When the line containing "Relavel Travel Makeup" appears in the entries below, begin printing there and stop after the line containing "Lampadina Led Filamento"; print each of those lines exactly and no other line.

[Task material — start]

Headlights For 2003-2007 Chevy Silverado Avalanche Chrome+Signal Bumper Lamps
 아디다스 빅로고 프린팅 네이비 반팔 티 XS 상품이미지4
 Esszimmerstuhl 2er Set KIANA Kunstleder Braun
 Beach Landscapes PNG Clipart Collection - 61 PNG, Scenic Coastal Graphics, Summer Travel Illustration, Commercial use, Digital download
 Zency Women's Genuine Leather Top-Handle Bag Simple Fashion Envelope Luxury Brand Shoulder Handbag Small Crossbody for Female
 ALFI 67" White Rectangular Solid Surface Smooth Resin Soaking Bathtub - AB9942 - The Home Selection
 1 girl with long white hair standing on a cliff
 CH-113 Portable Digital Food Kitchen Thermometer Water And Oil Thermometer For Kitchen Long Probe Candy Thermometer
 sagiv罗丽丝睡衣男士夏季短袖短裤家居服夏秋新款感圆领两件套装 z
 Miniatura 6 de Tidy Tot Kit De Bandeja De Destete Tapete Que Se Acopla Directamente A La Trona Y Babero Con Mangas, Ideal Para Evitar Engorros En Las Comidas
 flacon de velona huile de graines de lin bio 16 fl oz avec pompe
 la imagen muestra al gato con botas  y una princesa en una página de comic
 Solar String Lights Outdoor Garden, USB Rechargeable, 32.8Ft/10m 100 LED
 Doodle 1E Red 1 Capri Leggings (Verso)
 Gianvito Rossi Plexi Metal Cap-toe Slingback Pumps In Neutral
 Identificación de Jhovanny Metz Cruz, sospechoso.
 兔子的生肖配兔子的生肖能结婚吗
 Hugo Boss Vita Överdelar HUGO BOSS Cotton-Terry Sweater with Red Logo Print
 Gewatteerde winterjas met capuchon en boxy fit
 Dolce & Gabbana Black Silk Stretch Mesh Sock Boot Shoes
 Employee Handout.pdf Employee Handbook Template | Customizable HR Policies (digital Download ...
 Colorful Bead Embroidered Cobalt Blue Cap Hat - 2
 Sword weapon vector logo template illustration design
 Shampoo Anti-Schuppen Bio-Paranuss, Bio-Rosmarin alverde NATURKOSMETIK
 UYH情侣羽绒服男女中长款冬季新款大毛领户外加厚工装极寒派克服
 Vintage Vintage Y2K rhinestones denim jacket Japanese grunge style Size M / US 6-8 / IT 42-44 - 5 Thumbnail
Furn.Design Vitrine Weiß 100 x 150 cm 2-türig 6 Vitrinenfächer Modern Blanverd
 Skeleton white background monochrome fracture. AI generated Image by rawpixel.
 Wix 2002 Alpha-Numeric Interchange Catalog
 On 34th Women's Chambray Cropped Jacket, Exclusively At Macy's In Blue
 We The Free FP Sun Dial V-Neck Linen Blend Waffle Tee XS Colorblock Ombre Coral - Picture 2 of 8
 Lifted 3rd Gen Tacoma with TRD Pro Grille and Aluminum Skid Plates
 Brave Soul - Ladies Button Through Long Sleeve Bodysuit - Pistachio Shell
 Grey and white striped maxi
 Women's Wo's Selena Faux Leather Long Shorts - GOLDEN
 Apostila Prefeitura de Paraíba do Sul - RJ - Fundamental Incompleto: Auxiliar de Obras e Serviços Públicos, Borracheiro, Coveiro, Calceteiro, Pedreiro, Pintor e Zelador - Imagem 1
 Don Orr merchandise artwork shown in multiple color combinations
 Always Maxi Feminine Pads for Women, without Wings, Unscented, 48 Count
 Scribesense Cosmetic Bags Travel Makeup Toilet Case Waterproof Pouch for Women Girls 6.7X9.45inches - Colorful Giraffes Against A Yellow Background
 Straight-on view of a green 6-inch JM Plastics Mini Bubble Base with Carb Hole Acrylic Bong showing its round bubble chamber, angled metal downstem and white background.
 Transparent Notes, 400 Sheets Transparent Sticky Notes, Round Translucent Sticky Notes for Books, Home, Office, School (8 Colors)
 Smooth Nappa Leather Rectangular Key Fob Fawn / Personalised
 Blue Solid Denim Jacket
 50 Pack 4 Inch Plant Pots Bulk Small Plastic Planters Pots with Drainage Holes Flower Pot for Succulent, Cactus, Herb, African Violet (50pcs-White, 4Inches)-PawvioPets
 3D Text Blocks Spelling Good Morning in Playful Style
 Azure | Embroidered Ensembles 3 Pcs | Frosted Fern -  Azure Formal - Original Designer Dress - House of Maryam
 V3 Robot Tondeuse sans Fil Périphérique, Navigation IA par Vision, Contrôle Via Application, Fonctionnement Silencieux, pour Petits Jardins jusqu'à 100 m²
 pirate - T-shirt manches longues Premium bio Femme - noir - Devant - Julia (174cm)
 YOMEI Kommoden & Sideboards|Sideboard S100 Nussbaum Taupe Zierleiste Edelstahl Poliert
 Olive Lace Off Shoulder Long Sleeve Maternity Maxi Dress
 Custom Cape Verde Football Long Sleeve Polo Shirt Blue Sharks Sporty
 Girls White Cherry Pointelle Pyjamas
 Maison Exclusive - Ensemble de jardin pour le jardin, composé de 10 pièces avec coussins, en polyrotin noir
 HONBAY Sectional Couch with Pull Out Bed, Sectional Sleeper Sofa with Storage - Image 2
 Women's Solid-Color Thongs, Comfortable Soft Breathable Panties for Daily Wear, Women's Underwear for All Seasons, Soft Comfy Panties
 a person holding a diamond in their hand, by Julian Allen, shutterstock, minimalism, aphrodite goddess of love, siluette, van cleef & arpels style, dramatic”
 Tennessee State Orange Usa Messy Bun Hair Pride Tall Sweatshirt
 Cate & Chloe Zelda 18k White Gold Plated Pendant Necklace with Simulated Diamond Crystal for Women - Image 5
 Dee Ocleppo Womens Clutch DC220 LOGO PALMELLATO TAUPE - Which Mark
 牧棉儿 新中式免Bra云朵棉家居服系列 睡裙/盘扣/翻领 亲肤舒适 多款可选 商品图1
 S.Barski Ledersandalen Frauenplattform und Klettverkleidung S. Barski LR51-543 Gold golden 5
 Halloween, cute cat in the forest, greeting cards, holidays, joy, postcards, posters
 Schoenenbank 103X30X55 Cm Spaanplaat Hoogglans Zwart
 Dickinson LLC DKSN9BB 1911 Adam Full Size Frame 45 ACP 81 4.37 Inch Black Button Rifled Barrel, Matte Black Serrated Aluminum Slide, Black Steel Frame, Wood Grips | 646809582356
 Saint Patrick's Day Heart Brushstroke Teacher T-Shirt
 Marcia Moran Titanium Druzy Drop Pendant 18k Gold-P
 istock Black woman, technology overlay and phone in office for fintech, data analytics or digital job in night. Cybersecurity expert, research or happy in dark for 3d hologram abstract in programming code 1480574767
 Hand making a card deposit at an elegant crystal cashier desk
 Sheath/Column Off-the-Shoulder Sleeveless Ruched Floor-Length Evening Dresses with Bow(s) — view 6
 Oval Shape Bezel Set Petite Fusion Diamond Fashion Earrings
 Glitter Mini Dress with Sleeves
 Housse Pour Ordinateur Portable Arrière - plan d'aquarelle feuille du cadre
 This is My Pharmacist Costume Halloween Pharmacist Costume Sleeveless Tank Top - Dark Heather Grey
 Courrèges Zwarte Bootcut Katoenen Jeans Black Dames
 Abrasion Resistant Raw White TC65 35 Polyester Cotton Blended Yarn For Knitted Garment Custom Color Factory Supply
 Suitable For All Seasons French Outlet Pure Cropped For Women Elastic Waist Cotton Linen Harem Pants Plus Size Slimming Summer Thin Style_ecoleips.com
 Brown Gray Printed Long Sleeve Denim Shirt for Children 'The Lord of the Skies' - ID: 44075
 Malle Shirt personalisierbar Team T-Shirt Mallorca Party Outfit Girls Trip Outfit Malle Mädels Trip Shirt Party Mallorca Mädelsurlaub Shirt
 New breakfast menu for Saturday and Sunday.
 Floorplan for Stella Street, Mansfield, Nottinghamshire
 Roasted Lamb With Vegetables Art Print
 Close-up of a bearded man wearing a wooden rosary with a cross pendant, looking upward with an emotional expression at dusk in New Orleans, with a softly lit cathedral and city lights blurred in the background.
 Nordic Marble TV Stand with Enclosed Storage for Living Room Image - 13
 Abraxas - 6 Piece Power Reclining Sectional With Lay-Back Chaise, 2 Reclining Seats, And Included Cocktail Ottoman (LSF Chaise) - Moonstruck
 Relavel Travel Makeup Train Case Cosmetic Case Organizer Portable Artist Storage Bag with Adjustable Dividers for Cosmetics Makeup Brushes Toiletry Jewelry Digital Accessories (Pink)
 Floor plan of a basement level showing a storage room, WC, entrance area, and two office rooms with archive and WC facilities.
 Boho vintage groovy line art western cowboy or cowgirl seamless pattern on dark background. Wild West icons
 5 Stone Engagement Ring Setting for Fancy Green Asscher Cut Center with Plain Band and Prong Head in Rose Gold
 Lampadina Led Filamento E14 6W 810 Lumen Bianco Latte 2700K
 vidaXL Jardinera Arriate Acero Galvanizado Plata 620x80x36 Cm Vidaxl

[Task material — finish]

__Output for this task__.
 Relavel Travel Makeup Train Case Cosmetic Case Organizer Portable Artist Storage Bag with Adjustable Dividers for Cosmetics Makeup Brushes Toiletry Jewelry Digital Accessories (Pink)
 Floor plan of a basement level showing a storage room, WC, entrance area, and two office rooms with archive and WC facilities.
 Boho vintage groovy line art western cowboy or cowgirl seamless pattern on dark background. Wild West icons
 5 Stone Engagement Ring Setting for Fancy Green Asscher Cut Center with Plain Band and Prong Head in Rose Gold
 Lampadina Led Filamento E14 6W 810 Lumen Bianco Latte 2700K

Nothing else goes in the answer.